## Task directions
Return the lines of the data below exactly. Start at the first and end with the line containing "Mustang Motorcycle —".

Items from a dataset:
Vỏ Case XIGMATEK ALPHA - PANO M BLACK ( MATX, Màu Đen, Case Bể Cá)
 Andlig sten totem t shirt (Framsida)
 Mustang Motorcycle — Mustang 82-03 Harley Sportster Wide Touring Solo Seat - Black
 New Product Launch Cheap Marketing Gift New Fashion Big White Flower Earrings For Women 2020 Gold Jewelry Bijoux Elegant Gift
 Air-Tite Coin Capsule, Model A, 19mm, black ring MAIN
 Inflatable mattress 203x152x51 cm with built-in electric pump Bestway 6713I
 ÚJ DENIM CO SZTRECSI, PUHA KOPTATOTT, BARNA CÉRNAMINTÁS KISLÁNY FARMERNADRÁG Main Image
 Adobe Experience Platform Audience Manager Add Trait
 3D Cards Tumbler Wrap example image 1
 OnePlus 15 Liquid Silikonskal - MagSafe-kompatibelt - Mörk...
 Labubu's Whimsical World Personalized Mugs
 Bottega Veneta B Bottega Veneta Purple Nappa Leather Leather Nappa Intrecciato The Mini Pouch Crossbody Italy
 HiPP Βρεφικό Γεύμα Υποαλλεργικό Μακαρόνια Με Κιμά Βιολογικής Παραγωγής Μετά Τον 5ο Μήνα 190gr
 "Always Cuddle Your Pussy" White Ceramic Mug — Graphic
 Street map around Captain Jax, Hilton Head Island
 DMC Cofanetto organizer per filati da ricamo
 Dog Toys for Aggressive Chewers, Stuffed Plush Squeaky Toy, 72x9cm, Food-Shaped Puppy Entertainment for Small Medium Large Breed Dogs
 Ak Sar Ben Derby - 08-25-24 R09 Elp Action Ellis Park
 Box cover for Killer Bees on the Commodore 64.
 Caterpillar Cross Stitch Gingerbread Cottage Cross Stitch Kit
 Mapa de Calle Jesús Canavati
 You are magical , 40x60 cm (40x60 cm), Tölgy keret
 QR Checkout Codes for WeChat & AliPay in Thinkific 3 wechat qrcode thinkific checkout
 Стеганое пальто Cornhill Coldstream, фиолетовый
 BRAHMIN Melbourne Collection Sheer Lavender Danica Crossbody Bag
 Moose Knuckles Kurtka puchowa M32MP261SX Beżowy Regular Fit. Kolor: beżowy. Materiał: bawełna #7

## Response to the exercise
Vỏ Case XIGMATEK ALPHA - PANO M BLACK ( MATX, Màu Đen, Case Bể Cá)
 Andlig sten totem t shirt (Framsida)
 Mustang Motorcycle — Mustang 82-03 Harley Sportster Wide Touring Solo Seat - Black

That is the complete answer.